- [Data extracted from a collection]:

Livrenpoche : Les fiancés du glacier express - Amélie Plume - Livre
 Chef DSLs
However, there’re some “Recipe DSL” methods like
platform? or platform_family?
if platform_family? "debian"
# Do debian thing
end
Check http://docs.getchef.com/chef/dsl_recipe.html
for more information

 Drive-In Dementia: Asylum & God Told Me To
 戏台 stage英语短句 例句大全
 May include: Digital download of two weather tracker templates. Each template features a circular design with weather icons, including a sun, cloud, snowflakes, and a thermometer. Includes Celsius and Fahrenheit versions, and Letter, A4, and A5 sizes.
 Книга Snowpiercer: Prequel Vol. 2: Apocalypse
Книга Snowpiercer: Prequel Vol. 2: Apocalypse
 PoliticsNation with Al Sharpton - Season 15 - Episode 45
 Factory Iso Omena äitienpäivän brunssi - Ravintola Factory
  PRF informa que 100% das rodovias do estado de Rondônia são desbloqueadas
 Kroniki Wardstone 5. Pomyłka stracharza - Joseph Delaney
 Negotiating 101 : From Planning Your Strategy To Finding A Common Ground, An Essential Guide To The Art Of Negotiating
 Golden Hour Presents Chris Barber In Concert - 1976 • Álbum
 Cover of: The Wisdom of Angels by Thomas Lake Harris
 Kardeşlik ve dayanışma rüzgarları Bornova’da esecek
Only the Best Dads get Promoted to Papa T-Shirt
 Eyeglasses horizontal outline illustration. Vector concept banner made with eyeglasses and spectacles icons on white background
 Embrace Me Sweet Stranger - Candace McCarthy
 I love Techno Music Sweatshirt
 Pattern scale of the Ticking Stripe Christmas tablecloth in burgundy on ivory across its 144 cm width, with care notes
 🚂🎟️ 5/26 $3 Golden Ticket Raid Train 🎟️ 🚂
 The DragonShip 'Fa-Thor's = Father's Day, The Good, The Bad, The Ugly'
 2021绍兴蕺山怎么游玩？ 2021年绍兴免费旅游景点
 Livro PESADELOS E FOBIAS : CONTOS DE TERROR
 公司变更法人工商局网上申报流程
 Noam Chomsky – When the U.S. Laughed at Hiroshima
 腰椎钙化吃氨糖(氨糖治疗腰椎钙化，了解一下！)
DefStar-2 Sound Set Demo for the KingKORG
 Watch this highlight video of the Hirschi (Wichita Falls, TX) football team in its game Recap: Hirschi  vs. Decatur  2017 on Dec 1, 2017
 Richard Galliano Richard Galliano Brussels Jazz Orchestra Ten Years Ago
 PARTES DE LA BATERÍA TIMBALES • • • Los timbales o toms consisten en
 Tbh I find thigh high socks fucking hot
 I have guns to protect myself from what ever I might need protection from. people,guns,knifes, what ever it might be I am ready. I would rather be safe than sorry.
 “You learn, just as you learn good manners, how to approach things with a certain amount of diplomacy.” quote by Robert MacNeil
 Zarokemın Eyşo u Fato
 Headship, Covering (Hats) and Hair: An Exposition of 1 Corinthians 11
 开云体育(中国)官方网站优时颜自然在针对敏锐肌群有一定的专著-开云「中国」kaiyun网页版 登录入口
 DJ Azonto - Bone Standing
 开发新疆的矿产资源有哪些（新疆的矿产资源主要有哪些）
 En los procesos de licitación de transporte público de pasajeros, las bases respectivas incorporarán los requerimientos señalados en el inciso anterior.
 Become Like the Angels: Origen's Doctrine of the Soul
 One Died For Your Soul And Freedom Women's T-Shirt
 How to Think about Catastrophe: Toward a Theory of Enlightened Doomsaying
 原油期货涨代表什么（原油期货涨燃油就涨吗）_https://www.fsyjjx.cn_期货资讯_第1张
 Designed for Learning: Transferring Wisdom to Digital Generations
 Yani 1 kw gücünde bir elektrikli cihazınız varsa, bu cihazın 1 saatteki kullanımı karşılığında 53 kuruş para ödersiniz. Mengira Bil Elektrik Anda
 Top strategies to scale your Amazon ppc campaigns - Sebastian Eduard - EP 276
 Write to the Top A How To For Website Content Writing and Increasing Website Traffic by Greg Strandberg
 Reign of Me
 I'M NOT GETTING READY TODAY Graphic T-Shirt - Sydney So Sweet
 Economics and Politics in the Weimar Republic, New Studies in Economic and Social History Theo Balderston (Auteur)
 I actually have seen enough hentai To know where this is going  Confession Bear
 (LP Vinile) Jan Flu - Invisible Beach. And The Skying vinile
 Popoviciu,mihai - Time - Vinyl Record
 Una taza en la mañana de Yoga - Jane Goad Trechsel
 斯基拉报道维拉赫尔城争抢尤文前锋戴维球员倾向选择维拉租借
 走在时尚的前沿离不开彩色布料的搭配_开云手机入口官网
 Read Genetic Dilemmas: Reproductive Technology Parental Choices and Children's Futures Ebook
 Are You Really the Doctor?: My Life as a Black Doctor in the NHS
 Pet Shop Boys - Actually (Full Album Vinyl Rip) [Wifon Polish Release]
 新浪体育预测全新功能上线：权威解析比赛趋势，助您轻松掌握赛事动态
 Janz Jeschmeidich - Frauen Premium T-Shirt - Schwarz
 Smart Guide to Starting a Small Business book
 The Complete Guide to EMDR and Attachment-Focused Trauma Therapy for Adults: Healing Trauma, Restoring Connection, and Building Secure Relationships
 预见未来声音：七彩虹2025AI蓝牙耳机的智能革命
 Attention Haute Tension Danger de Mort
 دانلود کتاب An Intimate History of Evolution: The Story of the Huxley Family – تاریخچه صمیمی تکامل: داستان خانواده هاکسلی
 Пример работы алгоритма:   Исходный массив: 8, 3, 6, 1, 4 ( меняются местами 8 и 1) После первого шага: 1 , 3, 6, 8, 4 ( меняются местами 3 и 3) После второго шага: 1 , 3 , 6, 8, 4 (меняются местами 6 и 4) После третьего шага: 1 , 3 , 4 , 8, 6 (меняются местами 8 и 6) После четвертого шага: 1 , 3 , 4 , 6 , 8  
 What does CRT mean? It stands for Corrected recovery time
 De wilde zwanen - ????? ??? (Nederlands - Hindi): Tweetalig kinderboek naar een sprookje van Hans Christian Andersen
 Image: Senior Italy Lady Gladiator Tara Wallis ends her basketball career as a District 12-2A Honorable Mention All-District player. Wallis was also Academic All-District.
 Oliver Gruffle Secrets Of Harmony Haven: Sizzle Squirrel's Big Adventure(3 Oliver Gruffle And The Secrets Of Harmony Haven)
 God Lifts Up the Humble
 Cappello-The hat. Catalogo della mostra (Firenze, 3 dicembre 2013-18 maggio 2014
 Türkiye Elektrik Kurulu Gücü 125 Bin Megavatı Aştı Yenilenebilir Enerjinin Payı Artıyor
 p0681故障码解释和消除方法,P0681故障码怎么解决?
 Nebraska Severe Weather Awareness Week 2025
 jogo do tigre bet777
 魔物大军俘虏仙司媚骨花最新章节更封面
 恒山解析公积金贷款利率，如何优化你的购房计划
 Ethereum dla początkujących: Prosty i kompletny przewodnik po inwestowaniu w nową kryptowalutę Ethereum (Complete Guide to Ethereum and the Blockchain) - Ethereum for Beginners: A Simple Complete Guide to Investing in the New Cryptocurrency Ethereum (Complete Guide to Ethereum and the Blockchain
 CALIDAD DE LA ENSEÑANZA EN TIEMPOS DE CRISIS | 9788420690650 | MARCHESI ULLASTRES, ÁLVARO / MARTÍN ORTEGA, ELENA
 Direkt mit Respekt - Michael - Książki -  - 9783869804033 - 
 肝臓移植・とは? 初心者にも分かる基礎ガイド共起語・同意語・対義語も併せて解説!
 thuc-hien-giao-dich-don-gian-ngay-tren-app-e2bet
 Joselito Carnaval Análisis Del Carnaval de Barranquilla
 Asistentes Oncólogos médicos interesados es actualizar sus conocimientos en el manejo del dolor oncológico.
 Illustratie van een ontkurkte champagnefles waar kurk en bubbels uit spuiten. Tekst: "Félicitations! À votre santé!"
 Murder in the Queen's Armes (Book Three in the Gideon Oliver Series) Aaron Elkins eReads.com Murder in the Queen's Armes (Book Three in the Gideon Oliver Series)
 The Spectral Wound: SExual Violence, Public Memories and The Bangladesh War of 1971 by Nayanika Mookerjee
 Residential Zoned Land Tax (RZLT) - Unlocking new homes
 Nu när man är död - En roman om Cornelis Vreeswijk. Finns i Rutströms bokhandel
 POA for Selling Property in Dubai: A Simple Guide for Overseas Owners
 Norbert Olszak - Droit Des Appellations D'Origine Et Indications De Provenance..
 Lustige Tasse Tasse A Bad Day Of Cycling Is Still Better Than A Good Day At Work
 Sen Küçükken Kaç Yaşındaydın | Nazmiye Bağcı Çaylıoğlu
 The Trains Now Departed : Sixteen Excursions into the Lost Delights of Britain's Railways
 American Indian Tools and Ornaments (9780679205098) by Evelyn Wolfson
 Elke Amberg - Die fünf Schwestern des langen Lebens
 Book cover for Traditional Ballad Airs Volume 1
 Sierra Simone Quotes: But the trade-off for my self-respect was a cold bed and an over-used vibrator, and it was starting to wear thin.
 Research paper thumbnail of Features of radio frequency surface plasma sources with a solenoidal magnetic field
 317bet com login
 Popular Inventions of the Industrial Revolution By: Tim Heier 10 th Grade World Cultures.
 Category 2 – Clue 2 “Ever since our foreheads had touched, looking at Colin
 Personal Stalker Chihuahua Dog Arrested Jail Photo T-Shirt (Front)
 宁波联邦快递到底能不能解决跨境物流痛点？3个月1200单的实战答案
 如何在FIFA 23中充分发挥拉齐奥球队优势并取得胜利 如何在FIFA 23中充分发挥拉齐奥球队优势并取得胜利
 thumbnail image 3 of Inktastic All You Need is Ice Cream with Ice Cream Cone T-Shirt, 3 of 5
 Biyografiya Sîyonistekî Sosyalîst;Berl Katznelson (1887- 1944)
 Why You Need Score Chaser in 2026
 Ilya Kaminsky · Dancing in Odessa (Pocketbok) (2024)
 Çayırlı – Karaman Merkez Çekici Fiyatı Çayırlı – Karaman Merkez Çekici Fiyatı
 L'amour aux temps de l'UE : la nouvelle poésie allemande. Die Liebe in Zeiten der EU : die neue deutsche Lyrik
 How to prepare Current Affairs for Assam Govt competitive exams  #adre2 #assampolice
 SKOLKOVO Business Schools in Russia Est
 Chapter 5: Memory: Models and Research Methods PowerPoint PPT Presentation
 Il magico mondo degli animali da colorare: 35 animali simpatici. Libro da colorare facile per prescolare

- [YOUR TASK]: Repeat the entries above verbatim, but only from the line that has "Popoviciu,mihai - Time - Vinyl Record" down to the line that has "What does CRT", inclusive.

- [ANSWER TO THE PROBLEM]:
 Popoviciu,mihai - Time - Vinyl Record
 Una taza en la mañana de Yoga - Jane Goad Trechsel
 斯基拉报道维拉赫尔城争抢尤文前锋戴维球员倾向选择维拉租借
 走在时尚的前沿离不开彩色布料的搭配_开云手机入口官网
 Read Genetic Dilemmas: Reproductive Technology Parental Choices and Children's Futures Ebook
 Are You Really the Doctor?: My Life as a Black Doctor in the NHS
 Pet Shop Boys - Actually (Full Album Vinyl Rip) [Wifon Polish Release]
 新浪体育预测全新功能上线：权威解析比赛趋势，助您轻松掌握赛事动态
 Janz Jeschmeidich - Frauen Premium T-Shirt - Schwarz
 Smart Guide to Starting a Small Business book
 The Complete Guide to EMDR and Attachment-Focused Trauma Therapy for Adults: Healing Trauma, Restoring Connection, and Building Secure Relationships
 预见未来声音：七彩虹2025AI蓝牙耳机的智能革命
 Attention Haute Tension Danger de Mort
 دانلود کتاب An Intimate History of Evolution: The Story of the Huxley Family – تاریخچه صمیمی تکامل: داستان خانواده هاکسلی
 Пример работы алгоритма:   Исходный массив: 8, 3, 6, 1, 4 ( меняются местами 8 и 1) После первого шага: 1 , 3, 6, 8, 4 ( меняются местами 3 и 3) После второго шага: 1 , 3 , 6, 8, 4 (меняются местами 6 и 4) После третьего шага: 1 , 3 , 4 , 8, 6 (меняются местами 8 и 6) После четвертого шага: 1 , 3 , 4 , 6 , 8  
 What does CRT mean? It stands for Corrected recovery time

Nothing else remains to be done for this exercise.